Entries shown:
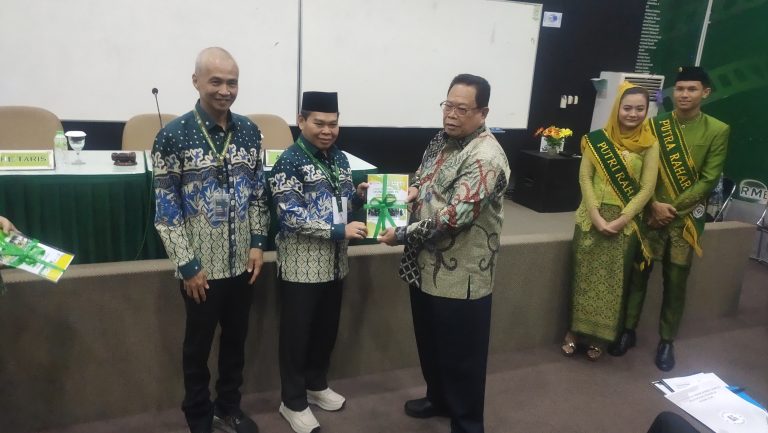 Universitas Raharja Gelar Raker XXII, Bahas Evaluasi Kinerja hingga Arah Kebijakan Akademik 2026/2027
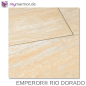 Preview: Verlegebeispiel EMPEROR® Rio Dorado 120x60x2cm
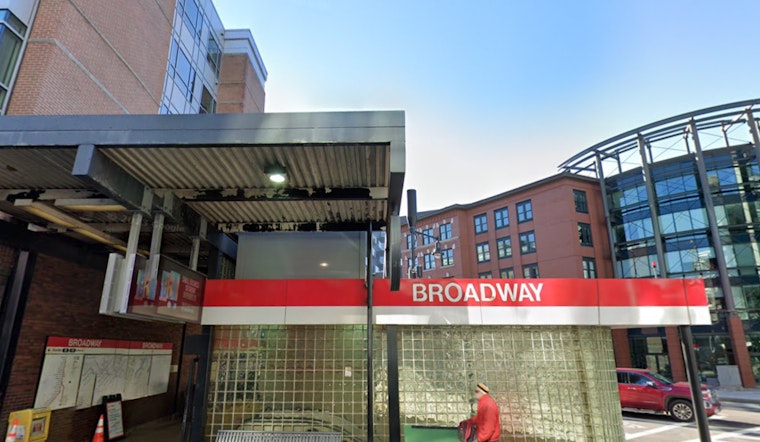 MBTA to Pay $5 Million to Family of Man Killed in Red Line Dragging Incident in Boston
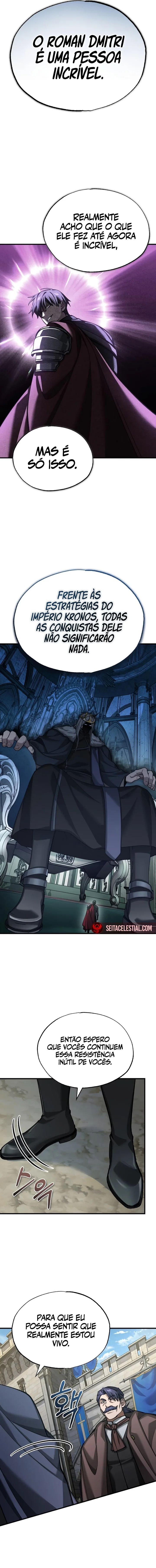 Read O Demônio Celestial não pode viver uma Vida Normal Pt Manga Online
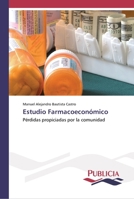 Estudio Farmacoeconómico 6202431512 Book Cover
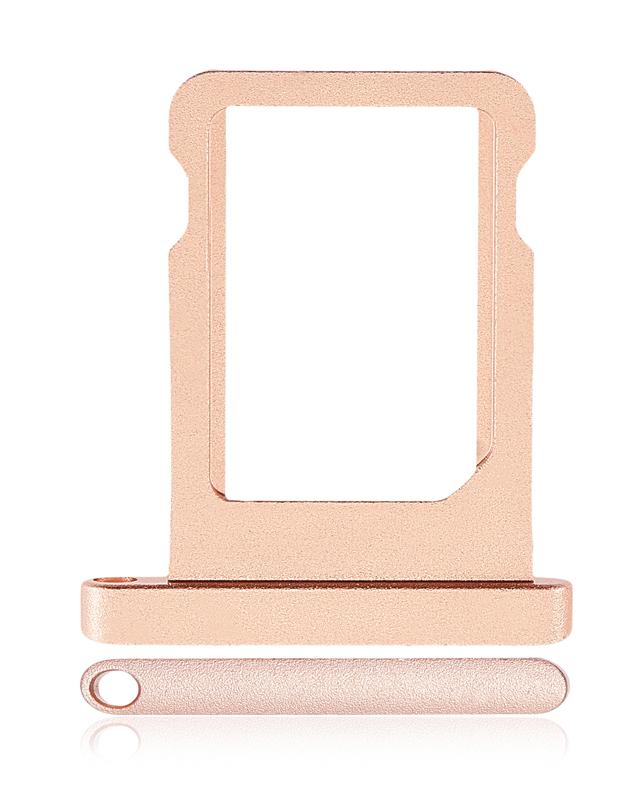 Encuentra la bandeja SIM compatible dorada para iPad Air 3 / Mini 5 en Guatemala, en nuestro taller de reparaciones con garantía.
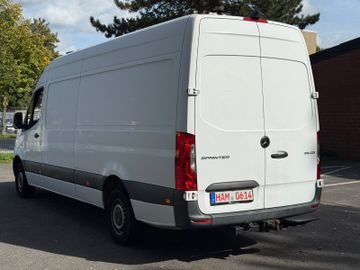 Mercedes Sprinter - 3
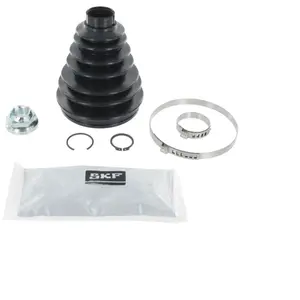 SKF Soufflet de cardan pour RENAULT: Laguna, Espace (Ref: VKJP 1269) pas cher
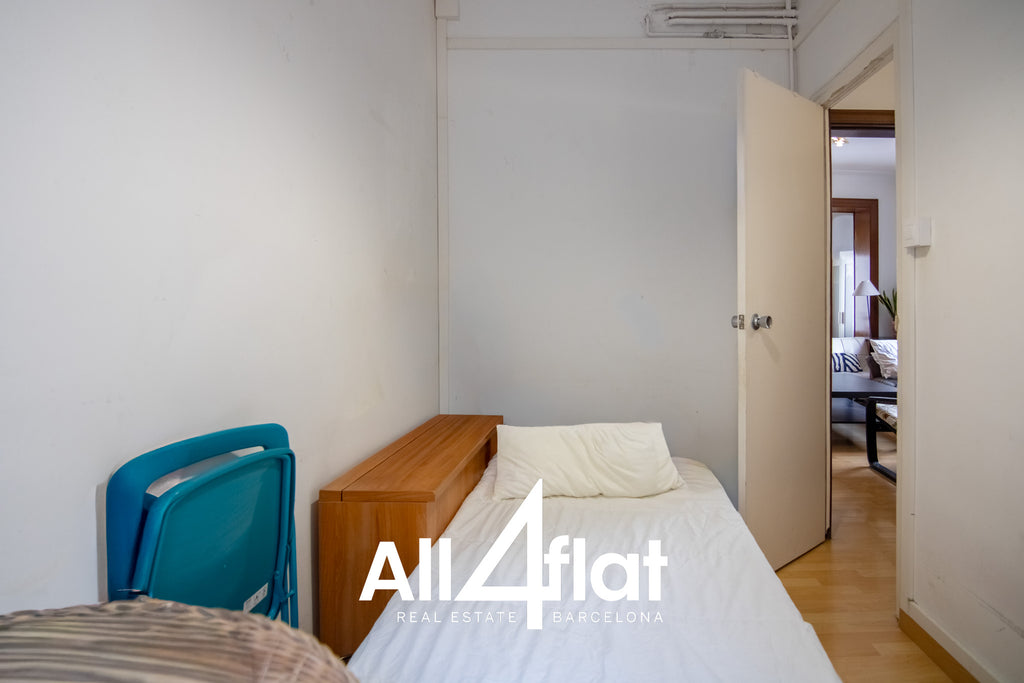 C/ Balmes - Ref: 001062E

==

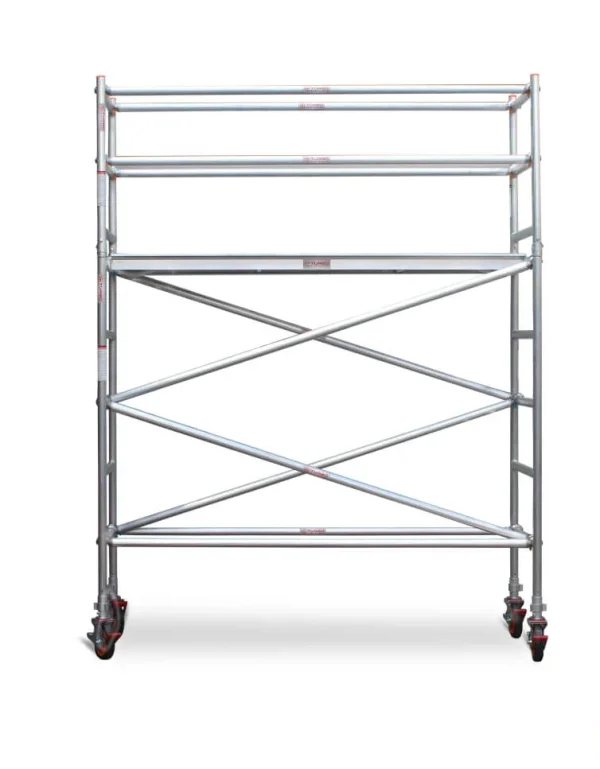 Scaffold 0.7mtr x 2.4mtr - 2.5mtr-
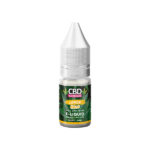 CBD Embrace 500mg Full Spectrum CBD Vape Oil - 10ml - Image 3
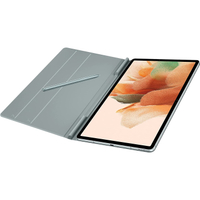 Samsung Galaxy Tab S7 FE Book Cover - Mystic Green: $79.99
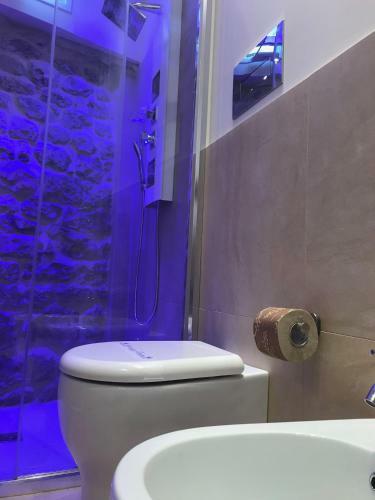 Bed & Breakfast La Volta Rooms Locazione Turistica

==

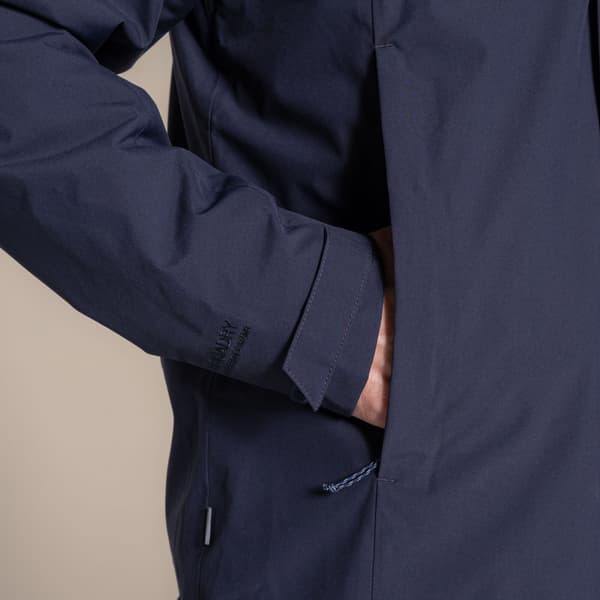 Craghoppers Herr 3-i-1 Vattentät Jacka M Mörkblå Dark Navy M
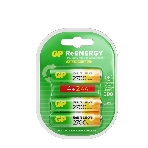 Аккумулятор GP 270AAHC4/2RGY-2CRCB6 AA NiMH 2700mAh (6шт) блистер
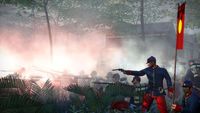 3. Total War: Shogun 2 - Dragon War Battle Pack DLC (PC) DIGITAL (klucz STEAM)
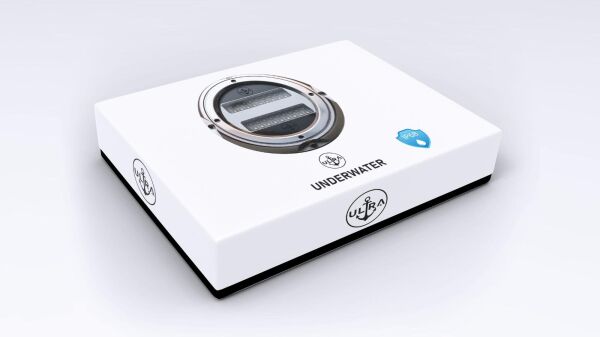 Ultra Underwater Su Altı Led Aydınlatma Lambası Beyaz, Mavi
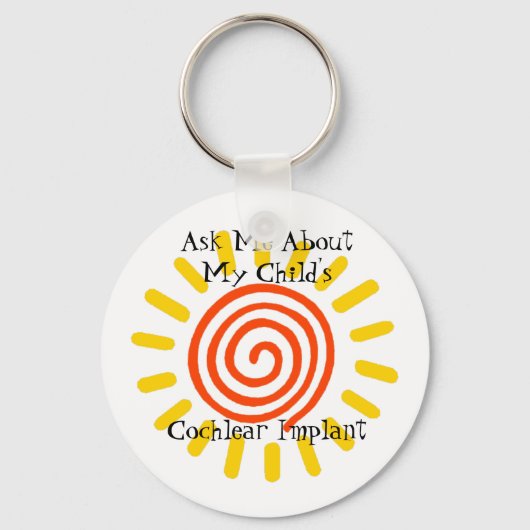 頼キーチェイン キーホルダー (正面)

Work to complete:
Copy the lines above exactly, starting at the one with "Estudio Farmacoeconómico 6202431512" and ending at the one with "C/ Balmes - Ref: 001062E", both included. Leave out any pictures and add nothing else.

Result of the exercise:
 Estudio Farmacoeconómico 6202431512 Book Cover
 Encuentra la bandeja SIM compatible dorada para iPad Air 3 / Mini 5 en Guatemala, en nuestro taller de reparaciones con garantía.
 Mercedes Sprinter - 3
 SKF Soufflet de cardan pour RENAULT: Laguna, Espace (Ref: VKJP 1269) pas cher
 C/ Balmes - Ref: 001062E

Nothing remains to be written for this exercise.